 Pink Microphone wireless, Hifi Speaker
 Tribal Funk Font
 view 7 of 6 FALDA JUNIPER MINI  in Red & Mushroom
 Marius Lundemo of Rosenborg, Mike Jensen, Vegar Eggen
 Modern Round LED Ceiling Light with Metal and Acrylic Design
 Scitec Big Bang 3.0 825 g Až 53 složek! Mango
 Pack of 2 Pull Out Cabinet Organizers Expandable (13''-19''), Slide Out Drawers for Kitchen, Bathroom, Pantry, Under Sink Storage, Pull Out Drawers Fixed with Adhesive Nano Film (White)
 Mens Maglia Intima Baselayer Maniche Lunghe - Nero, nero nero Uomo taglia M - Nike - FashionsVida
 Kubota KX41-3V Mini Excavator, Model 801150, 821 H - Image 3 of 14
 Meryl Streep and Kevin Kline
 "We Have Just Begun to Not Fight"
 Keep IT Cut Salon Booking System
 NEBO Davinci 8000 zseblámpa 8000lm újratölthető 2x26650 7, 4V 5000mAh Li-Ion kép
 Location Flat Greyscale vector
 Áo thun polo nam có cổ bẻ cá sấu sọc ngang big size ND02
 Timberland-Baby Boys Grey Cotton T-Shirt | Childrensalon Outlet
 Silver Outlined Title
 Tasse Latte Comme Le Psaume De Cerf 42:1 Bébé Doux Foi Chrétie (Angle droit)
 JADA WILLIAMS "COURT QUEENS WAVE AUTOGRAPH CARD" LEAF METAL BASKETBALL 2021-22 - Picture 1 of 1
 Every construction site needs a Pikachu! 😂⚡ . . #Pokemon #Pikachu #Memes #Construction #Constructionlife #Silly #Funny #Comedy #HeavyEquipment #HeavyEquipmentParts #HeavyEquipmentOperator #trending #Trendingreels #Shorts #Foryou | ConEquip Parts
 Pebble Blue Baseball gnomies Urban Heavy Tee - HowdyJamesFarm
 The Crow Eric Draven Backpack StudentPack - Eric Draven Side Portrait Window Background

#### Problem description
Using the material above, gather every line that includes "with".

#### Answer to this exercise
 Modern Round LED Ceiling Light with Metal and Acrylic Design
 Pack of 2 Pull Out Cabinet Organizers Expandable (13''-19''), Slide Out Drawers for Kitchen, Bathroom, Pantry, Under Sink Storage, Pull Out Drawers Fixed with Adhesive Nano Film (White)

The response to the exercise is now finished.